Jumbo Group (SGX:42R) has reported lower earnings of $6.2 million in 1HFY2026, ended March 31, down 22.3% y-o-y.
Revenue increased 7.9% y-o-y to $105.1 million in the period, driven by higher revenue contribution from its Singapore operations.
Revenue from the Singapore operations was up by 9.9% y-o-y to $92.7 million, mainly due to revenue contributions from recently opened outlets, with revenue from existing outlets remaining broadly stable.
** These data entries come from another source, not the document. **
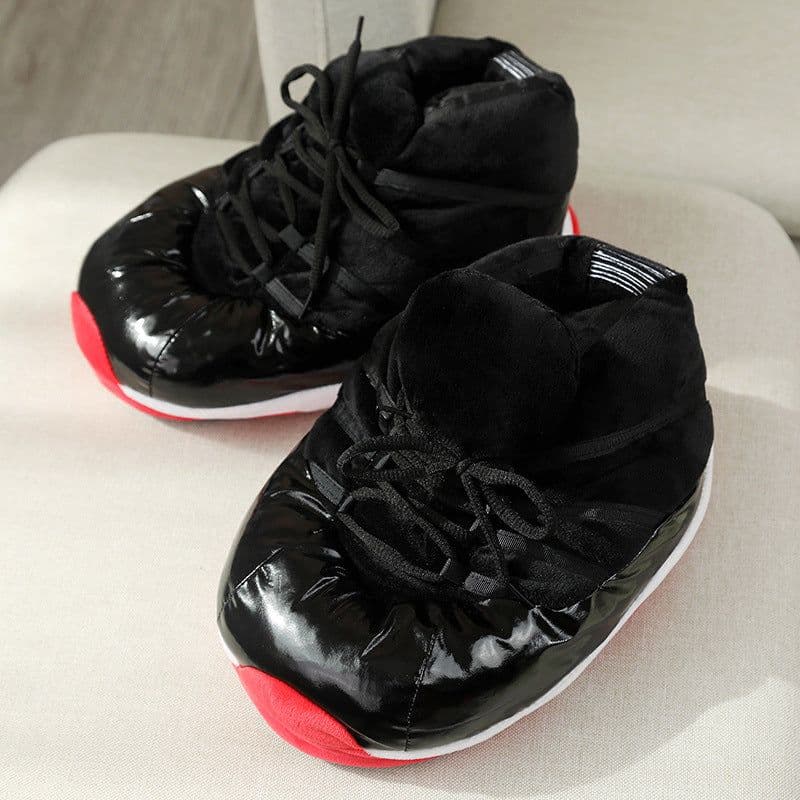 image-Spot spoof AJ cotton slippers for men and women winter fat fat head a cone j bread plush shoes winter coconut big cotton shoes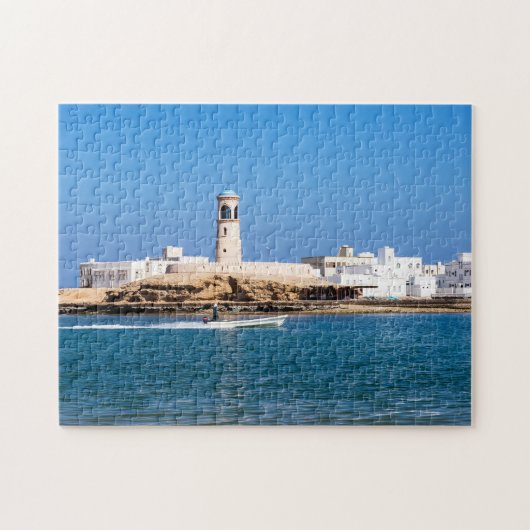 Sur vuurtoren met vissersboot - Sur, Oman Legpuzzel (Horizontaal)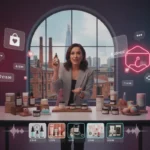 Bradford TikTok Shop seller presenting products in a UK studio with TikTok shopping icons and vibrant neon branding.
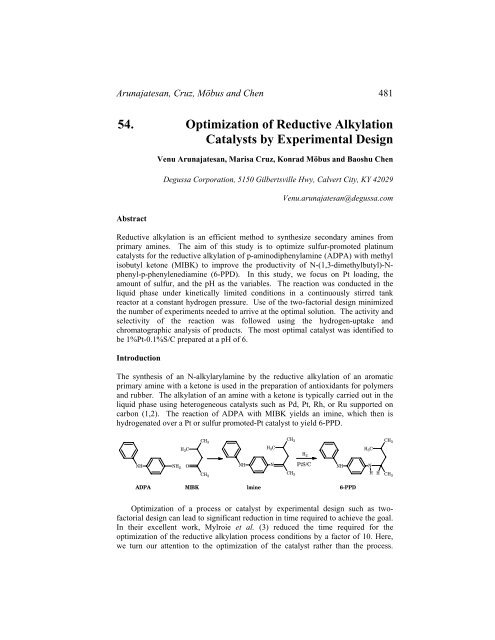 Catalysis of Organic..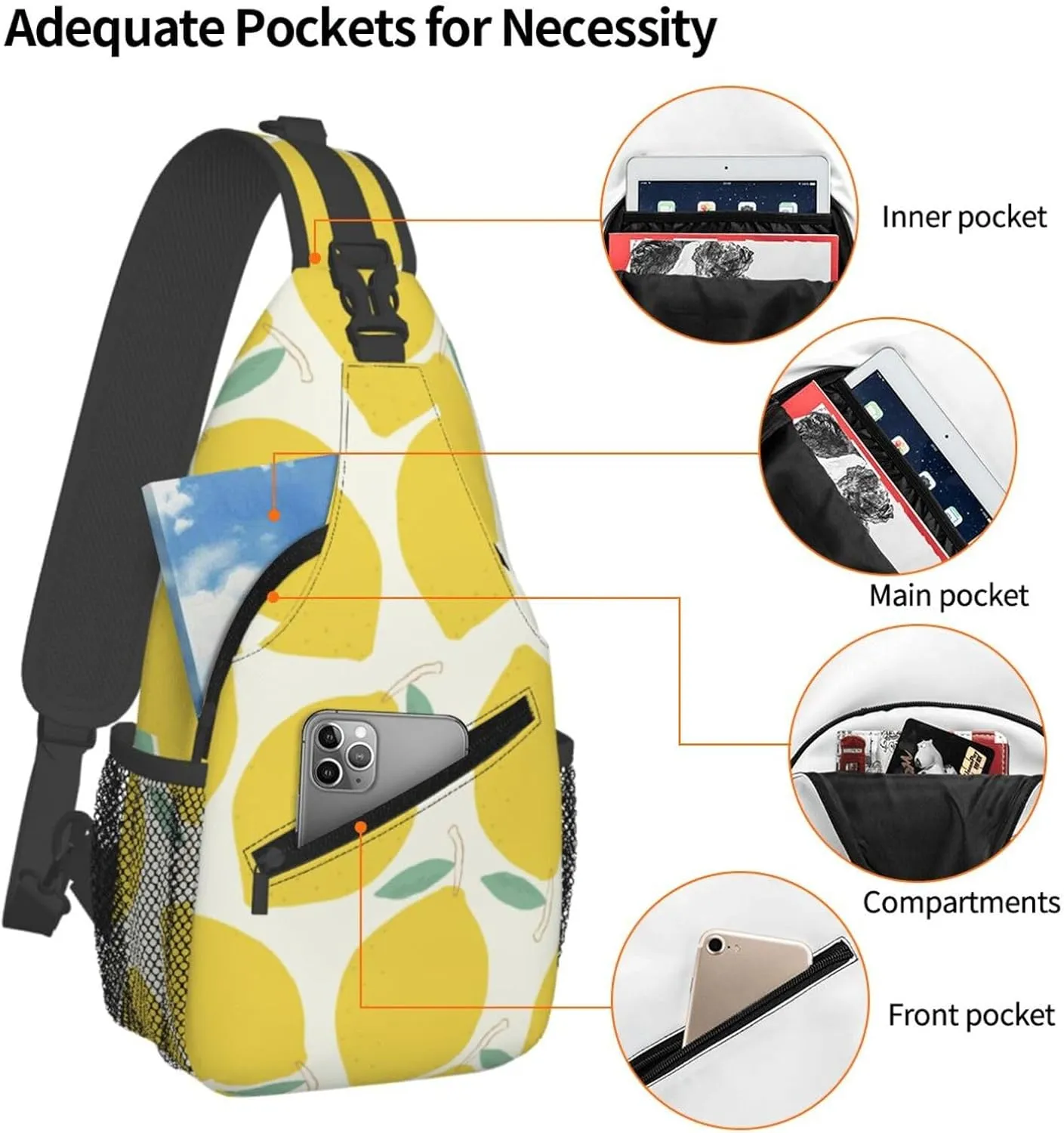 Lemon Crossbody Sling Backpack Sling Bag Adjustable Chest Shoulder Daypack For Women Men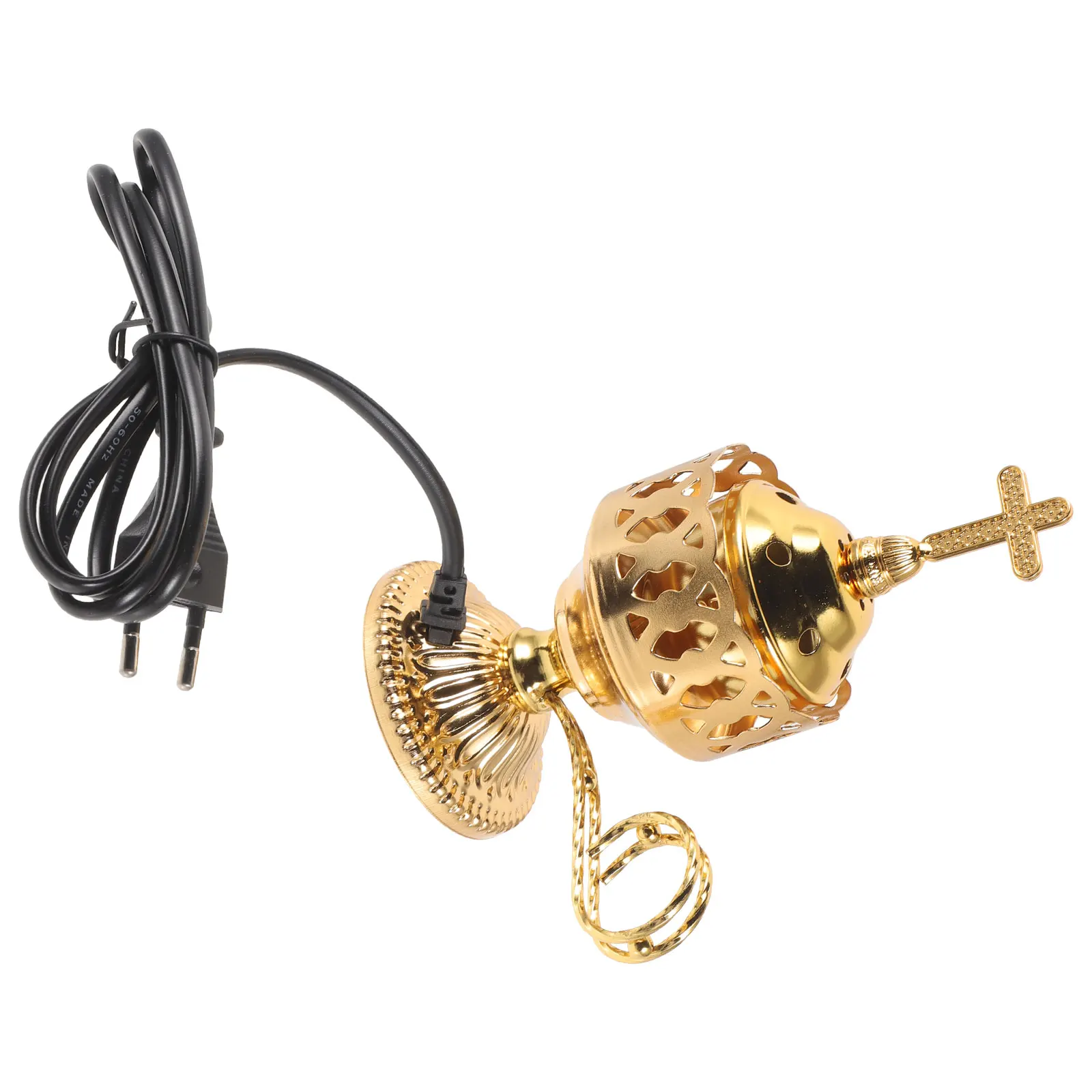 

Electric Incense Burner Iron Metal Plug-In Censer Middle Eastern Style Home Decor Table Centerpiece Powder Incense Holder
Revenue from its People’s Republic of China (PRC) operations increased by 11.5% y-o-y to $10.7 million. The higher topline achieved was due to continued targeted marketing initiatives and customer engagement efforts, which helped to support higher dining demand.
Cost of sales, which comprised raw materials and consumables, increased 6.9% y-o-y to $35.9 million in 1HFY2026, in line with higher revenue.
Operating expenses increased mainly due to higher employee benefits expenses, operating lease expenses, utilities expenses and other operating expenses.
See also: Kimly's 1HFY2026 earnings up 10.6% y-o-y to $16.4 mil
Jumbo Group’s board of directors has declared a tax exempt one-tier interim cash dividend of 0.5 cents per share.
“Amid cost pressures and intense competition, we will remain focused on strengthening productivity, sharpening our offerings and building a more efficient platform for sustainable growth,” says Ang Kiam Meng, executive chairman and and CEO of Jumbo Group.
Barring any unforeseen circumstances, Jumbo Group maintains a cautious outlook over the next 12 months.
Shares of Jumbo Group closed unchanged at 28 cents on May 8.